Coal India's annual production fell for the first time since 1998/99 as the heaviest rainfall in 25 years battered coal mining regions and a broad economic slowdown stifled demand for the fuel.
The world's largest coal miner produced 602.1 million tonnes of coal during the fiscal year ended March 2020, compared with 606.9 million tonnes in 2018/19.
India used nearly a billion tonnes of coal in 2018/19, over three-quarters of it at power plants. State-run Coal India accounts for over 80% of the country's production.
The worst economic slowdown in Asia's third-largest economy in six years saw electricity usage fall at the steepest pace in over a decade in October, reducing demand for the fuel.
The slowdown coincided with a fall in coal production. Still, imports of thermal coal - mainly used for electricity generation - rose 12.6% to nearly 200 million tonnes in 2019, the second straight year of growth.
Frequent outages caused by strikes by locals and workers have also hit production. The reasons for the strikes have ranged from concerns over workers' safety to a trespassing goat getting killed in an accident.

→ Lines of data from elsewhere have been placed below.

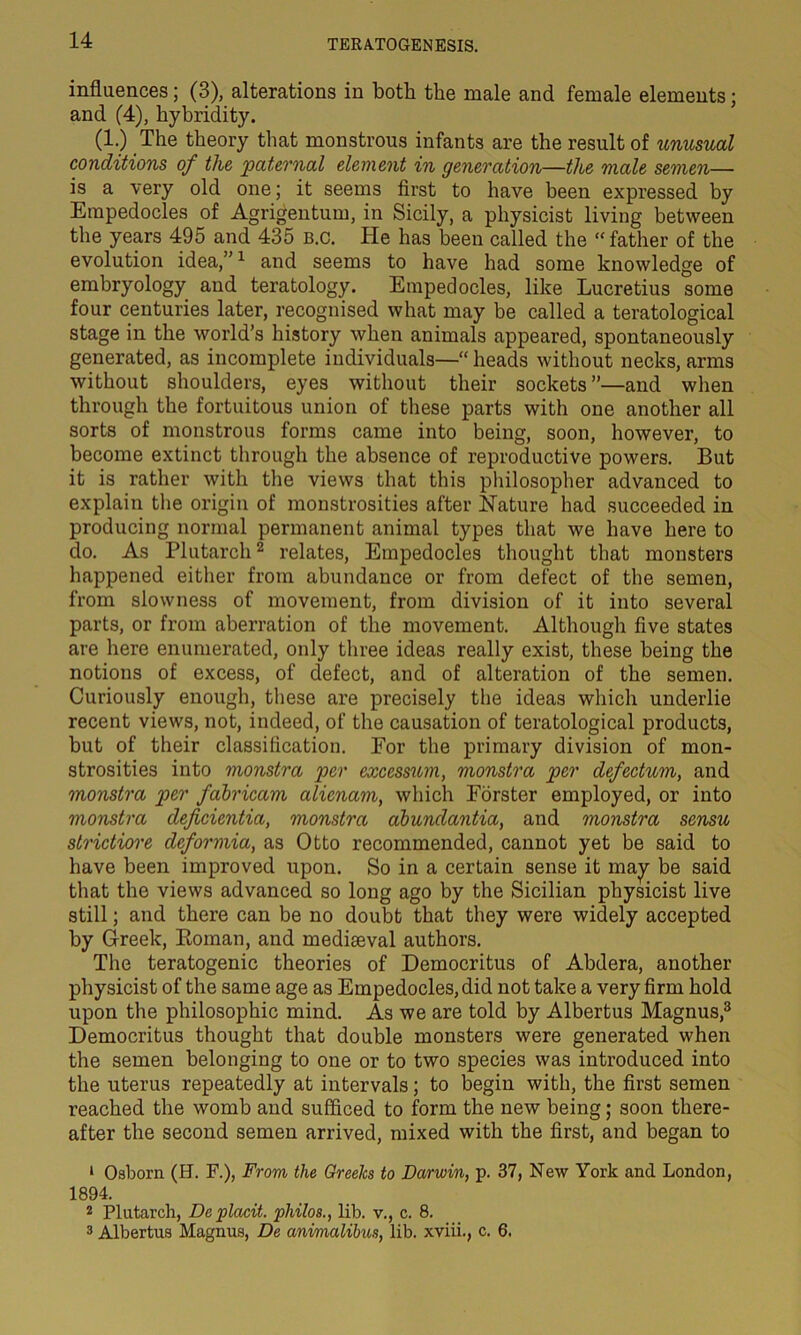 influences; (3), alterations in both the male and female elements; and (4), hybridity. (1.) The theory that monstrous infants are the result of unusual conditions of the paternal element in generation—the male semen— is a very old one; it seems first to have been expressed by Empedocles of Agrigentum, in Sicily, a physicist living between the years 495 and 435 b.c. He has been called the “ father of the evolution idea,”1 and seems to have had some knowledge of embryology and teratology. Empedocles, like Lucretius some four centuries later, recognised what may be called a teratological stage in the world’s history when animals appeared, spontaneously generated, as incomplete individuals—“ heads without necks, arms without shoulders, eyes without their sockets ”—and when through the fortuitous union of these parts with one another all sorts of monstrous forms came into being, soon, however, to become extinct through the absence of reproductive powers. But it is rather with the views that this philosopher advanced to explain the origin of monstrosities after Nature had succeeded in producing normal permanent animal types that we have here to do. As Plutarch2 relates, Empedocles thought that monsters happened either from abundance or from defect of the semen, from slowness of movement, from division of it into several parts, or from aberration of the movement. Although five states are here enumerated, only three ideas really exist, these being the notions of excess, of defect, and of alteration of the semen. Curiously enough, these are precisely the ideas which underlie recent views, not, indeed, of the causation of teratological products, but of their classification. For the primary division of mon- strosities into monstra per excessum, monstra per defectum, and monstra per fabricam alicnam, which Forster employed, or into monstra deficientia, monstra abundantia, and monstra sensu strictiore deformia, as Otto recommended, cannot yet be said to have been improved upon. So in a certain sense it may be said that the views advanced so long ago by the Sicilian physicist live still; and there can be no doubt that they were widely accepted by Greek, Roman, and mediaeval authors. The teratogenic theories of Democritus of Abdera, another physicist of the same age as Empedocles, did not take a very firm hold upon the philosophic mind. As we are told by Albertus Magnus,3 Democritus thought that double monsters were generated when the semen belonging to one or to two species was introduced into the uterus repeatedly at intervals; to begin with, the first semen reached the womb and sufficed to form the new being; soon there- after the second semen arrived, mixed with the first, and began to 1 Osborn (H. F.), From the Greeks to Darwin, p. 37, New York and London, 1894. 2 Plutarch, De placit. philos., lib. v., c. 8. 3 Albertus Magnus, De animalibus, lib. xviii., c. 6.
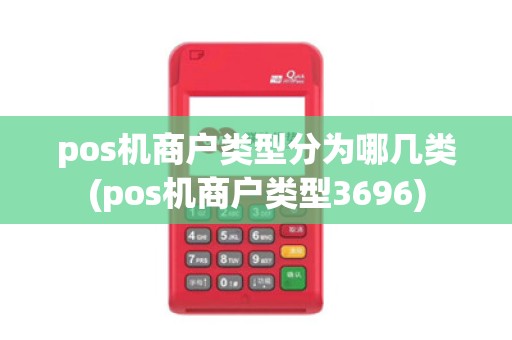 pos机商户类型分为哪几类(pos机商户类型3696)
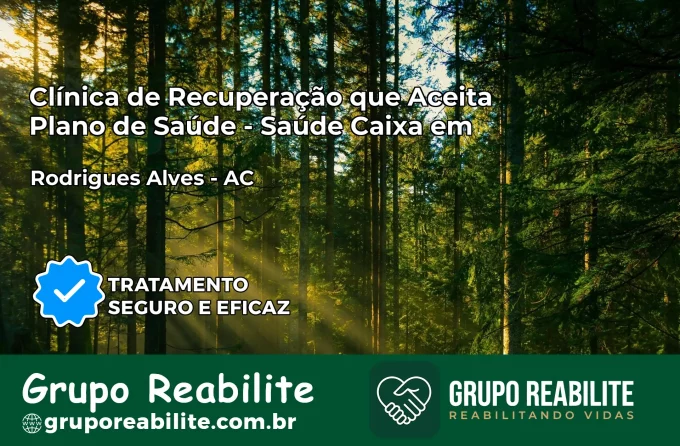 Clínica de Recuperação Saúde Caixa em Rodrigues Alves – AC | Cobertura 100%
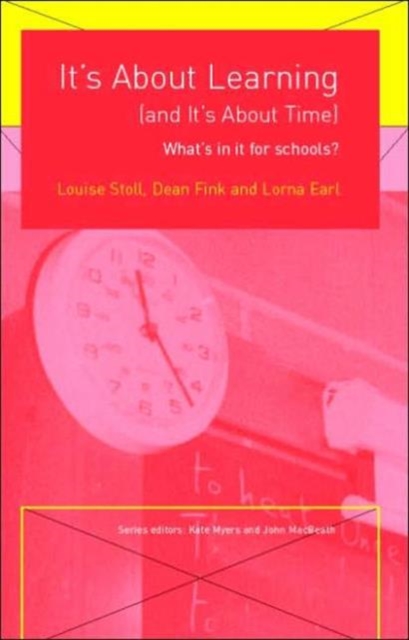 It's About Learning (and It's About Time) : What's in it for Schools?, Paperback / softback Book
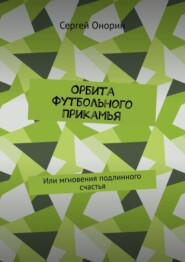 бесплатно читать книгу Орбита футбольного Прикамья. Или мгновения подлинного счастья автора Сергей Онорин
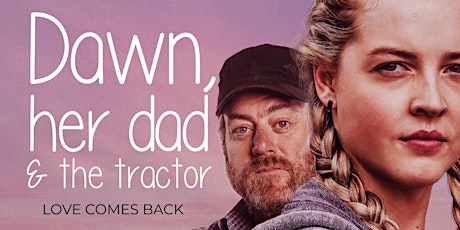 Dawn, Her Dad and the Tractor Gala Night  (Wolfville Premiere) tickets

But the heaviest annual monsoon in 25 years, including large scale flooding in one key eastern Indian mine that accounts for about 5% of total output, resulted in production falling for five straight months.
Nandikesh Sivalingam, director at Center for Research on Energy and Clean Air (CREA), said disruptions to coal mining made a case for faster transition away from using the fuel.
India's annual electricity generation from coal-fired utilities fell for the first time in 2019, a phenomenon industry executives say could become a trend in 5-10 years.
"With changing climatic conditions, extreme weather events may increase in central India, leading to more such disruptions in the future," Nandikesh said.
Government data shows a higher incidence of short spells of intense rain and lengthy periods of little or no rain, a phenomenon India attributed to climate change in its annual economic survey in 2018.
Prime Minister Narendra Modi's government has repeatedly emphasised its desire to cut thermal coal imports by the world's second largest consumer, importer and producer of the fuel to zero.
But a slow pace of reforms, logistical issues and the inability of Coal India to ramp up production quickly has failed to check imports. While higher imports is bad news for India, it has helped international coal miners such as Indonesia's Adaro Energy and Peabody Energy in the United States, as well as commodity traders such as Glencore and India's Adani Enterprises.